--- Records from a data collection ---
☆ ☆ ☆
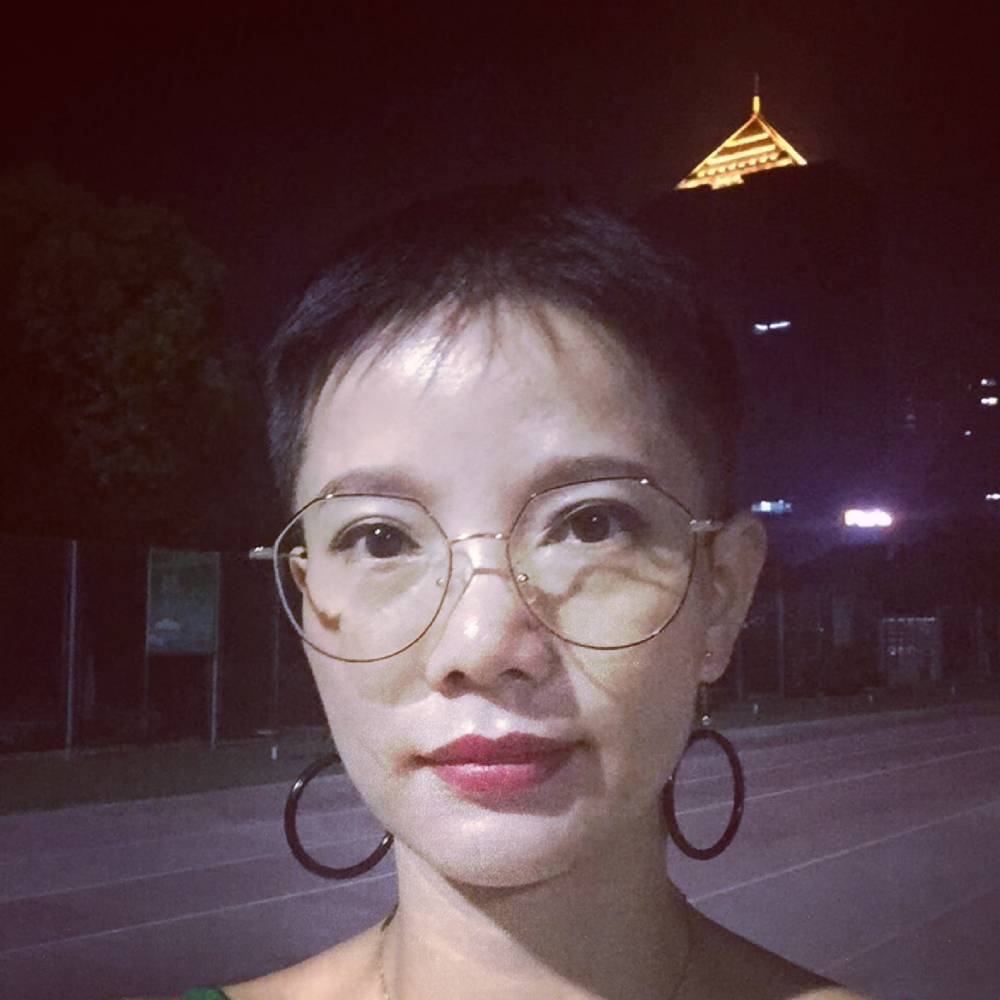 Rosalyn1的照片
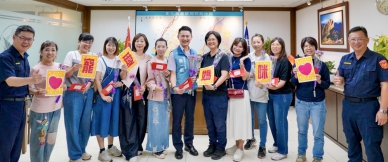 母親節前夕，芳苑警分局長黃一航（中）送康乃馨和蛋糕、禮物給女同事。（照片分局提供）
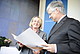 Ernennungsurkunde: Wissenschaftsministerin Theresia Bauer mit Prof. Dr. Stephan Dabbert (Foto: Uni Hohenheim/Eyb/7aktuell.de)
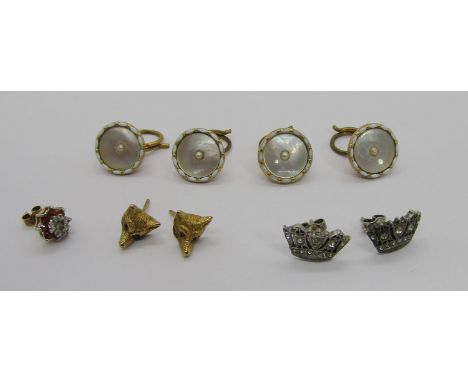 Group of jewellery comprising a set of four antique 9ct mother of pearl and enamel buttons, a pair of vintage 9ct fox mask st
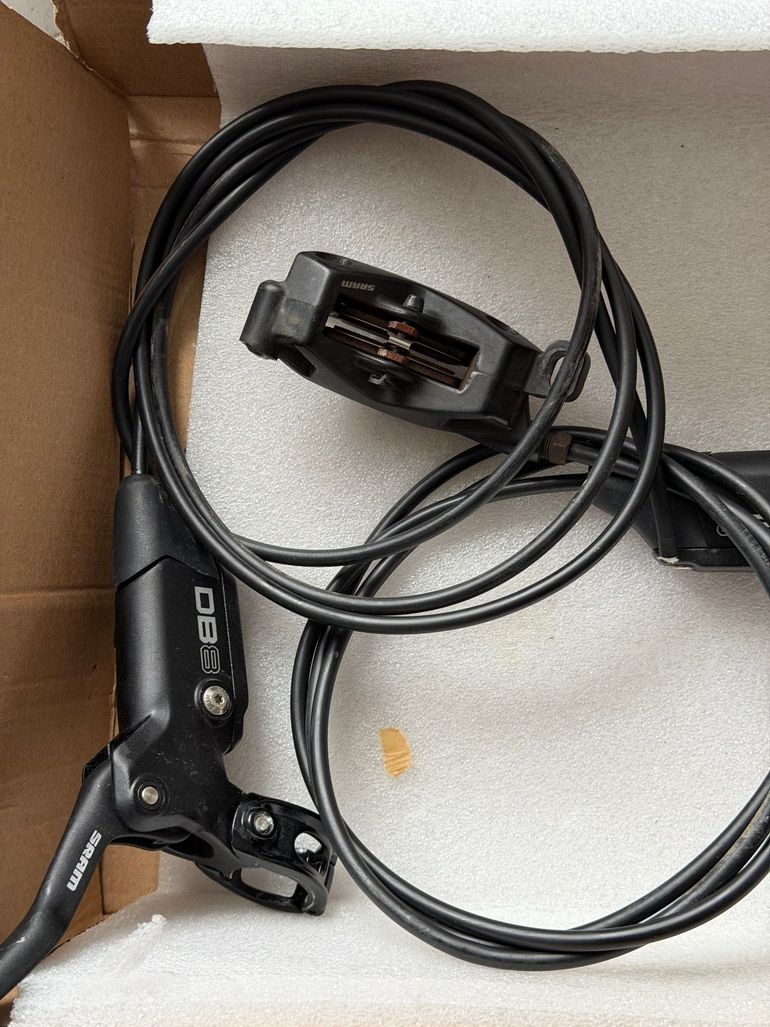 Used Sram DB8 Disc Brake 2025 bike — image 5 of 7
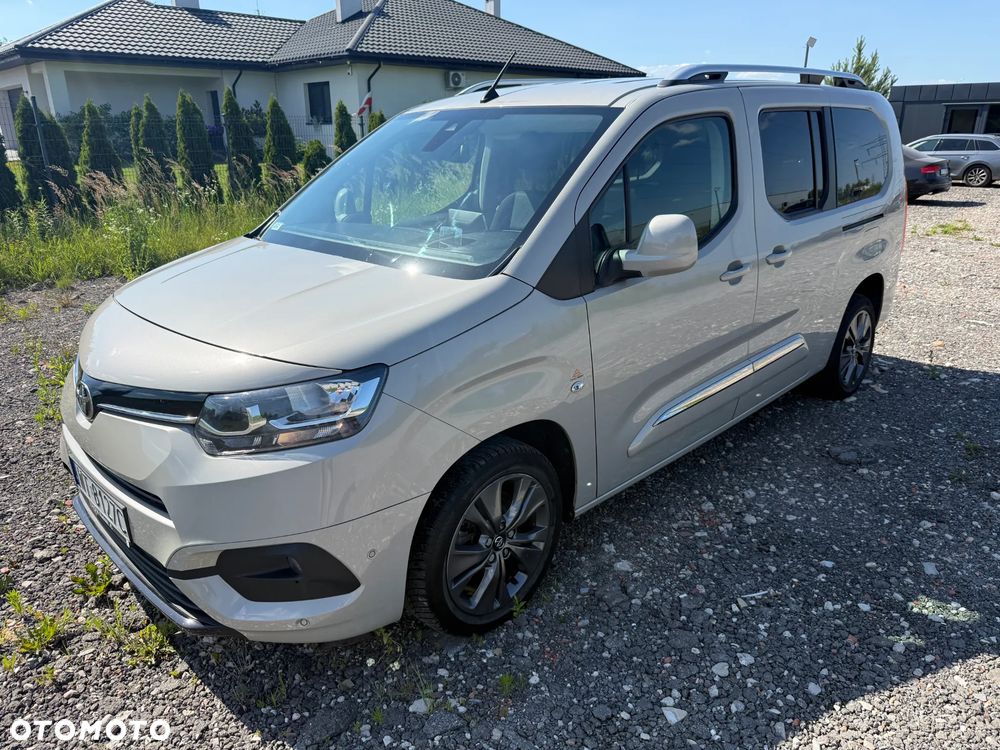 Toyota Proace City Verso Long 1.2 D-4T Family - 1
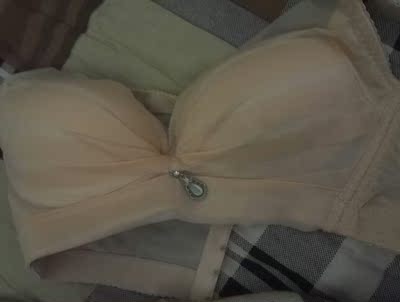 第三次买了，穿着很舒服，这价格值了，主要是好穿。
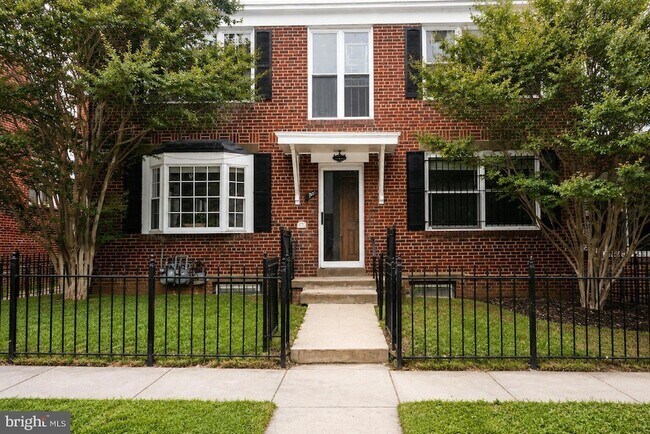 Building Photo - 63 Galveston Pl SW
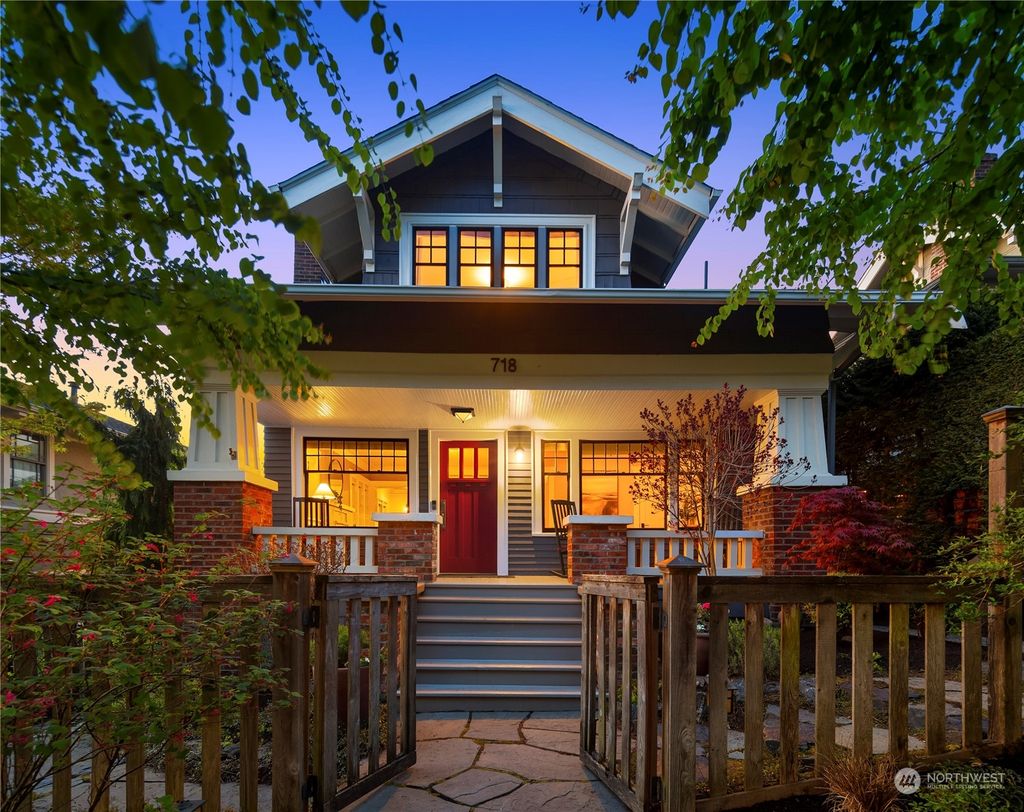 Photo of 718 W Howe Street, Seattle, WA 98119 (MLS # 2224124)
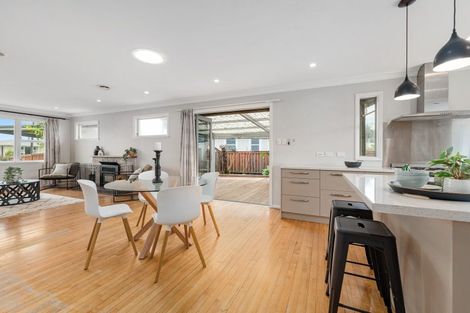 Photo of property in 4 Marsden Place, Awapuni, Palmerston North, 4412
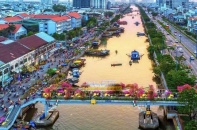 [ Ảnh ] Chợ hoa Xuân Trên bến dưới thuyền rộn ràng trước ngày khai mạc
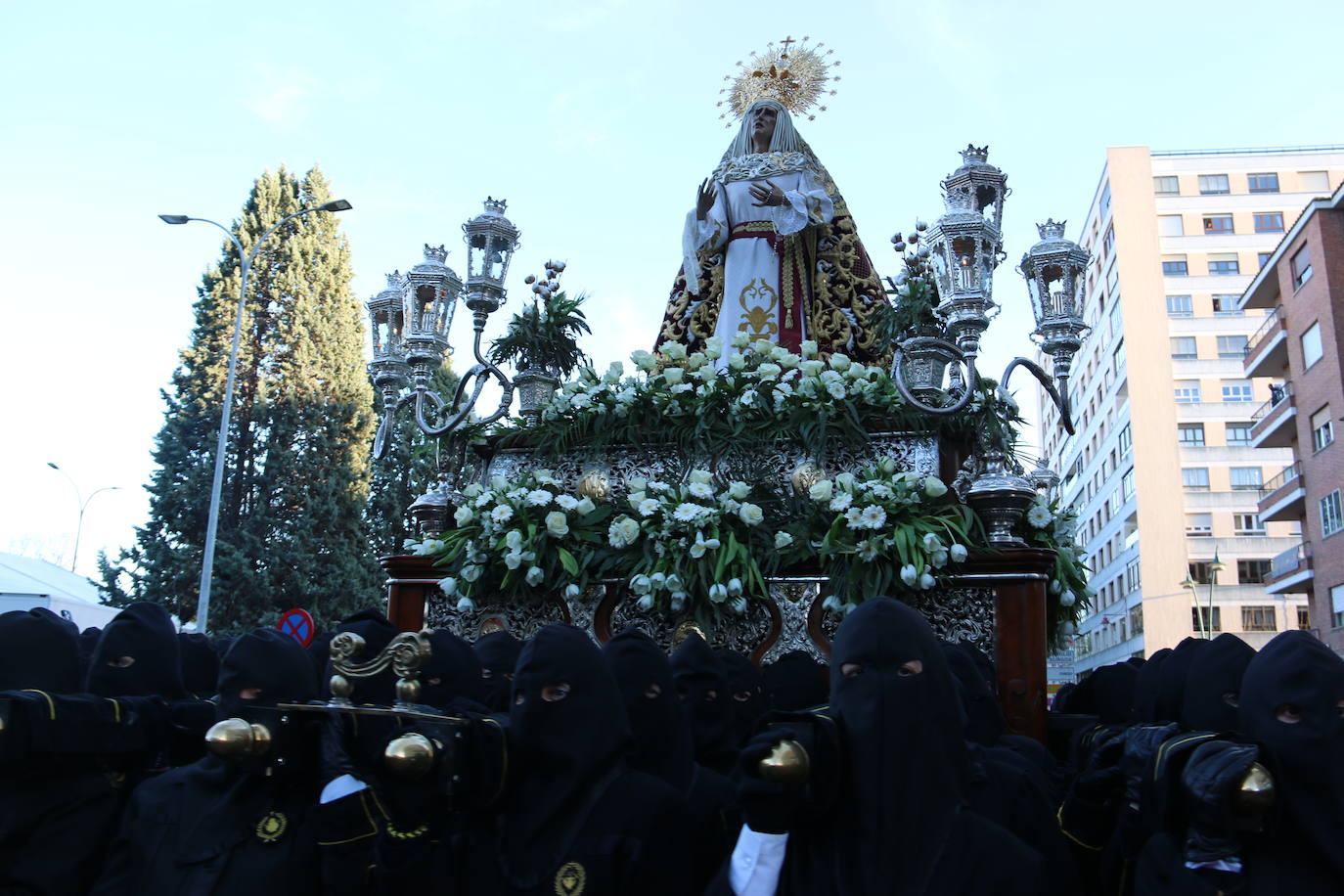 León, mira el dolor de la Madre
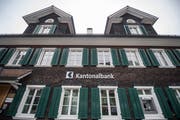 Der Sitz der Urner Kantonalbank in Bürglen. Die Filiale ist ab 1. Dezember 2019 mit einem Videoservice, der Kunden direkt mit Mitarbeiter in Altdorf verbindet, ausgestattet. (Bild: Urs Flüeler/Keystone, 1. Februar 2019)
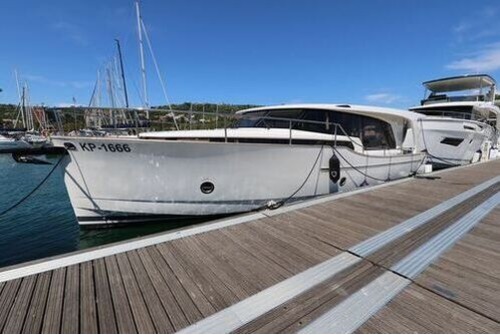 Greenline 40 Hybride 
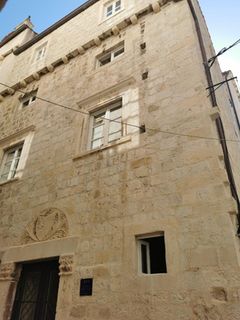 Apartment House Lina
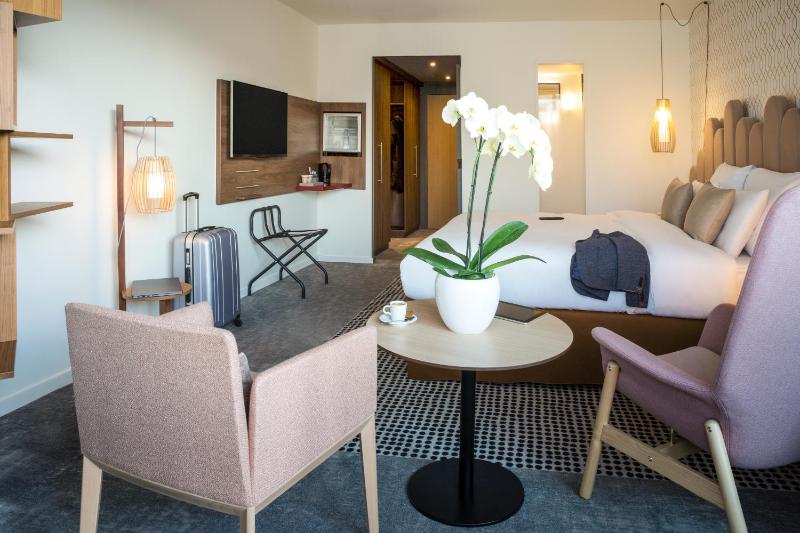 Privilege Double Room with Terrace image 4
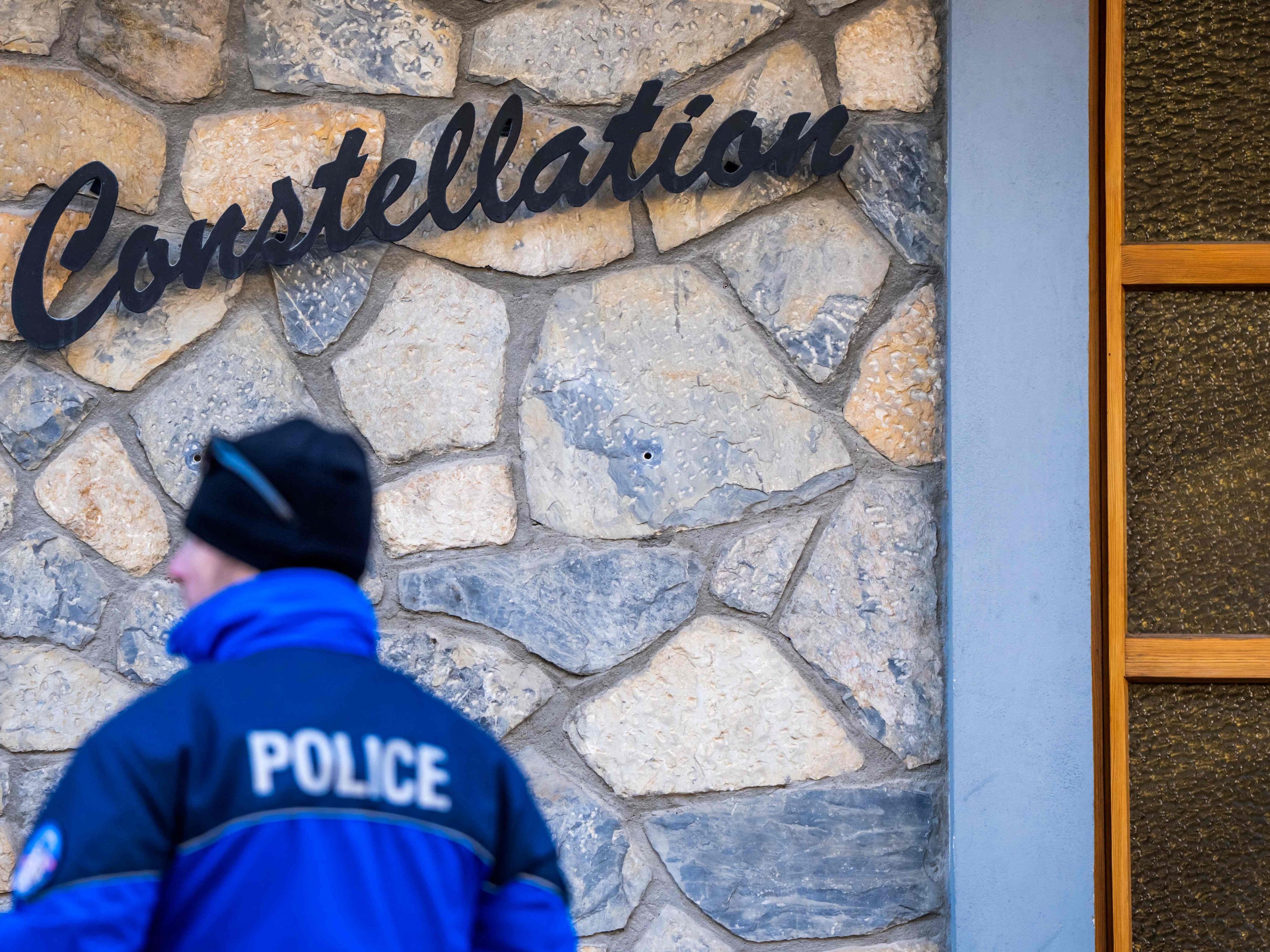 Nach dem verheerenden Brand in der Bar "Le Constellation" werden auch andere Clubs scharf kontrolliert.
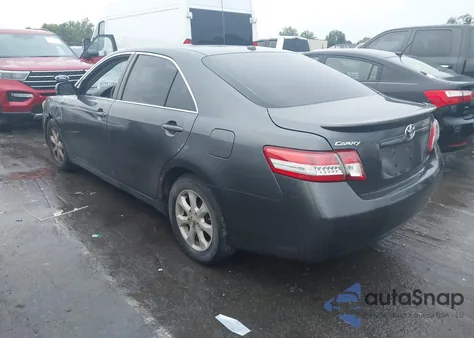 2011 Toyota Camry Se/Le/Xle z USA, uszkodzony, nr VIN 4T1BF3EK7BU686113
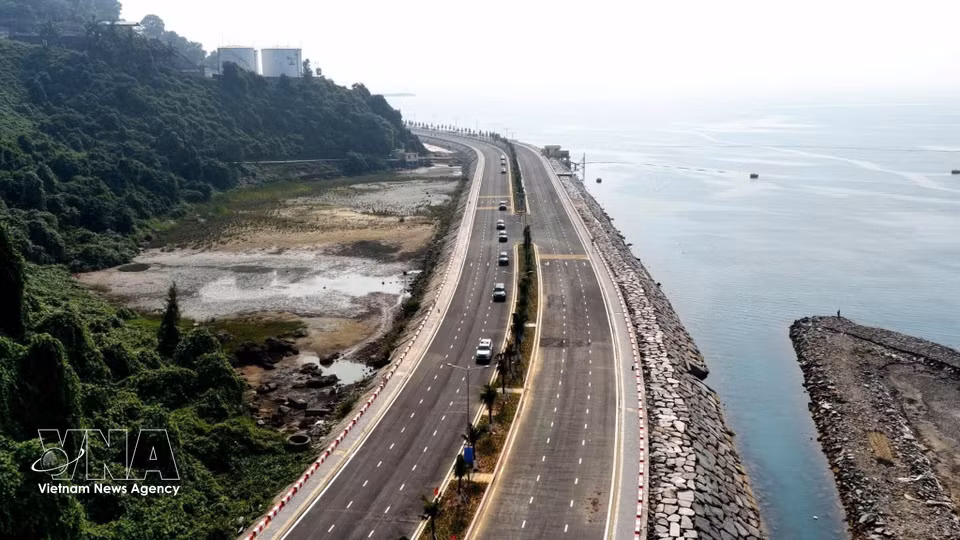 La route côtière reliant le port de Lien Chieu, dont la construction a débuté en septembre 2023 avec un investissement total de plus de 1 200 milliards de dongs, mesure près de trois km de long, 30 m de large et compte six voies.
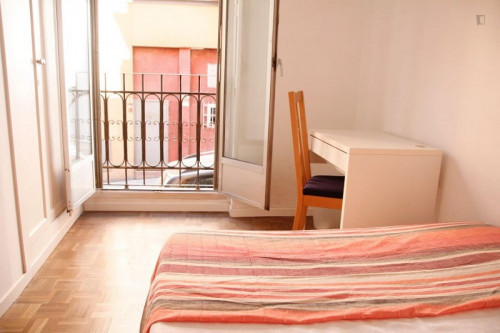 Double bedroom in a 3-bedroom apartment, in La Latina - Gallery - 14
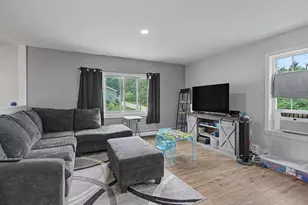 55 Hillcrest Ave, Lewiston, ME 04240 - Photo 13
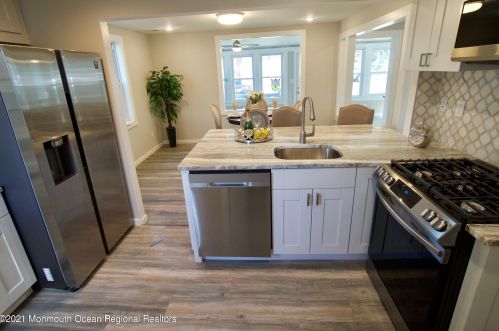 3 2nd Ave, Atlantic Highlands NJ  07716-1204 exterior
☆ ☆ ☆
--- Task brief ---
The entries above are to be copied exactly, with every picture left out.

--- Result ---
 Rosalyn1的照片
 母親節前夕，芳苑警分局長黃一航（中）送康乃馨和蛋糕、禮物給女同事。（照片分局提供）
 Ernennungsurkunde: Wissenschaftsministerin Theresia Bauer mit Prof. Dr. Stephan Dabbert (Foto: Uni Hohenheim/Eyb/7aktuell.de)
 Group of jewellery comprising a set of four antique 9ct mother of pearl and enamel buttons, a pair of vintage 9ct fox mask st
 Used Sram DB8 Disc Brake 2025 bike — image 5 of 7
 Toyota Proace City Verso Long 1.2 D-4T Family - 1
 第三次买了，穿着很舒服，这价格值了，主要是好穿。
 Building Photo - 63 Galveston Pl SW
 Photo of 718 W Howe Street, Seattle, WA 98119 (MLS # 2224124)
 Photo of property in 4 Marsden Place, Awapuni, Palmerston North, 4412
 [ Ảnh ] Chợ hoa Xuân Trên bến dưới thuyền rộn ràng trước ngày khai mạc
 León, mira el dolor de la Madre
 Der Sitz der Urner Kantonalbank in Bürglen. Die Filiale ist ab 1. Dezember 2019 mit einem Videoservice, der Kunden direkt mit Mitarbeiter in Altdorf verbindet, ausgestattet. (Bild: Urs Flüeler/Keystone, 1. Februar 2019)
 Greenline 40 Hybride 
 Apartment House Lina
 Privilege Double Room with Terrace image 4
 Nach dem verheerenden Brand in der Bar "Le Constellation" werden auch andere Clubs scharf kontrolliert.
 2011 Toyota Camry Se/Le/Xle z USA, uszkodzony, nr VIN 4T1BF3EK7BU686113
 La route côtière reliant le port de Lien Chieu, dont la construction a débuté en septembre 2023 avec un investissement total de plus de 1 200 milliards de dongs, mesure près de trois km de long, 30 m de large et compte six voies.
 Double bedroom in a 3-bedroom apartment, in La Latina - Gallery - 14
 55 Hillcrest Ave, Lewiston, ME 04240 - Photo 13
 3 2nd Ave, Atlantic Highlands NJ  07716-1204 exterior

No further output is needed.